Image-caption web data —
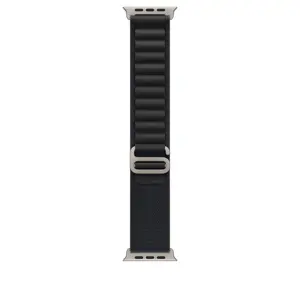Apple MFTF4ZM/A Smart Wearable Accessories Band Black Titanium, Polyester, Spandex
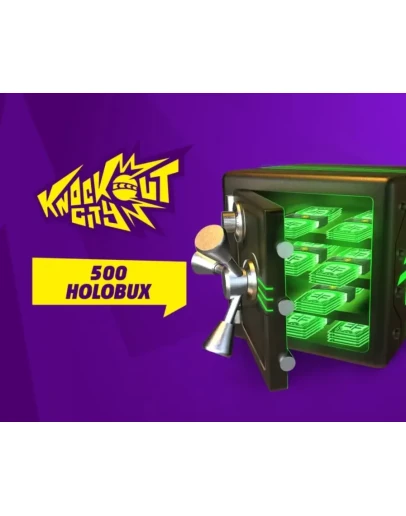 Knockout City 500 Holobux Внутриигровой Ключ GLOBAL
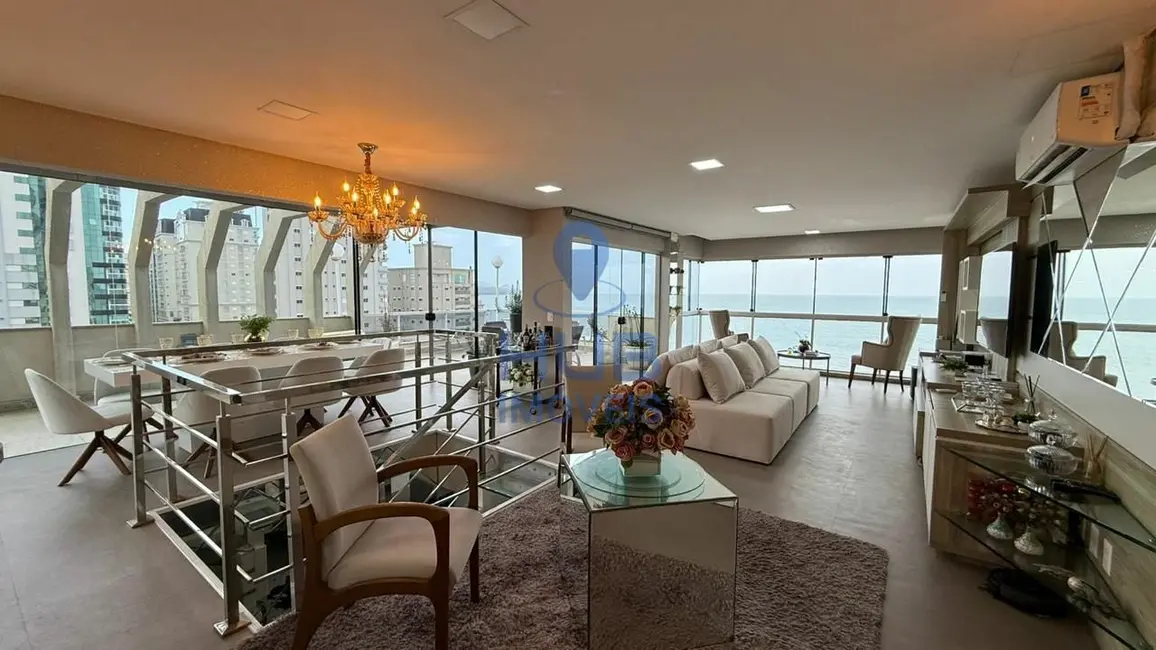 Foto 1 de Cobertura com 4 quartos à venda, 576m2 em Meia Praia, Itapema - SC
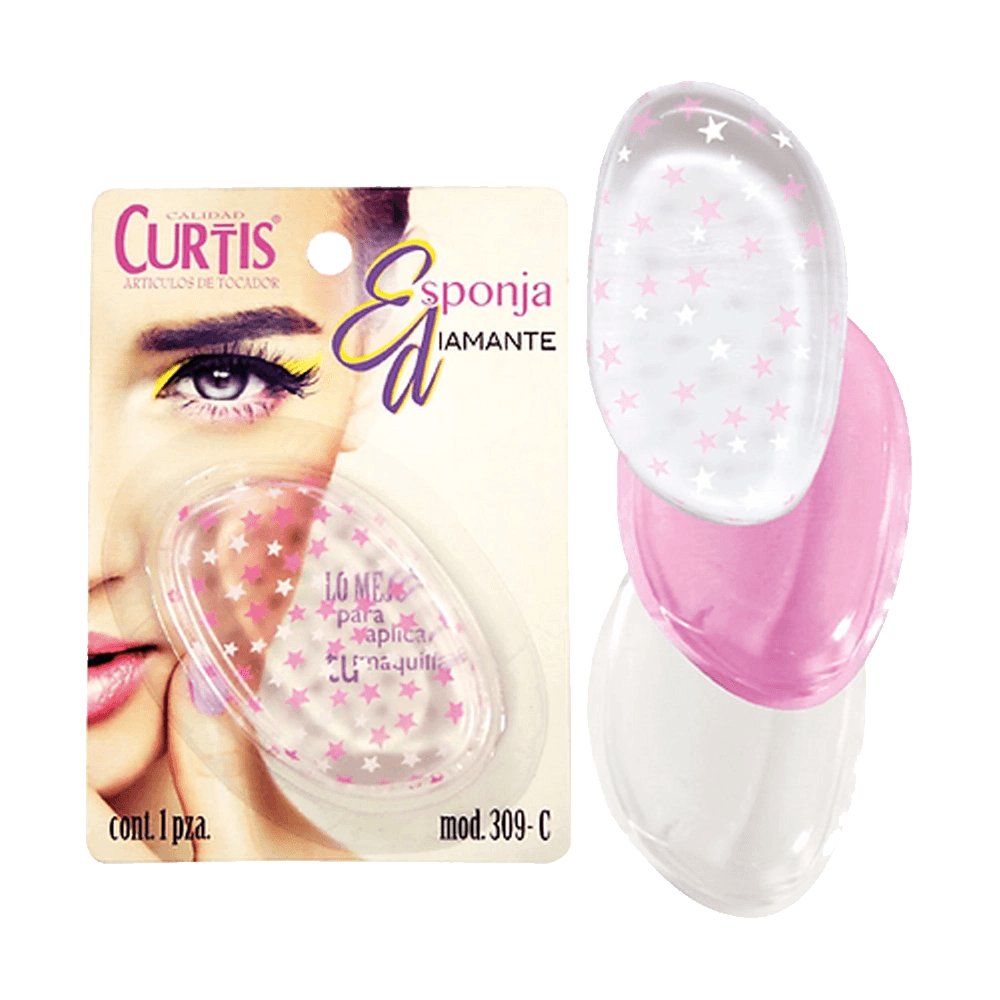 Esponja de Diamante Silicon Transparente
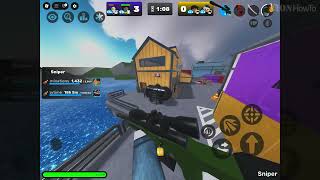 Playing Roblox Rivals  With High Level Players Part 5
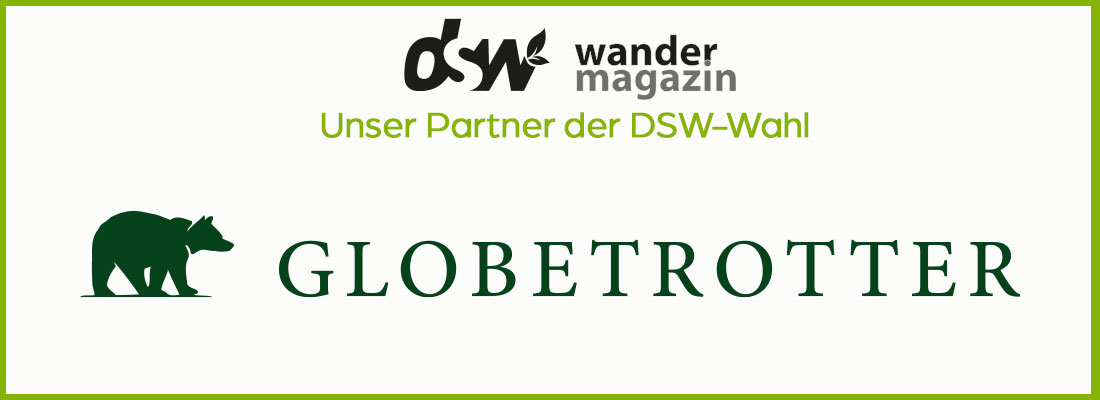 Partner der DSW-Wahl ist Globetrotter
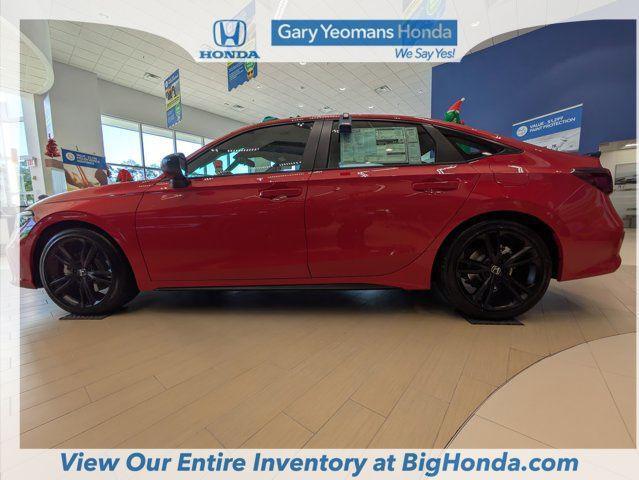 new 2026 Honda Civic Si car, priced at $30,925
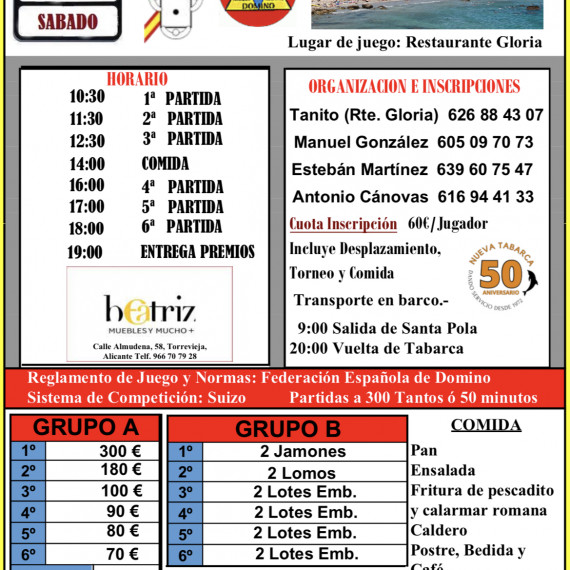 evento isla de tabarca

Exercise goal — Make an exact copy of every entry above, minus the images.

Task result —
Apple MFTF4ZM/A Smart Wearable Accessories Band Black Titanium, Polyester, Spandex
 Knockout City 500 Holobux Внутриигровой Ключ GLOBAL
 Foto 1 de Cobertura com 4 quartos à venda, 576m2 em Meia Praia, Itapema - SC
 Esponja de Diamante Silicon Transparente
 Playing Roblox Rivals  With High Level Players Part 5
 Partner der DSW-Wahl ist Globetrotter
 new 2026 Honda Civic Si car, priced at $30,925
 evento isla de tabarca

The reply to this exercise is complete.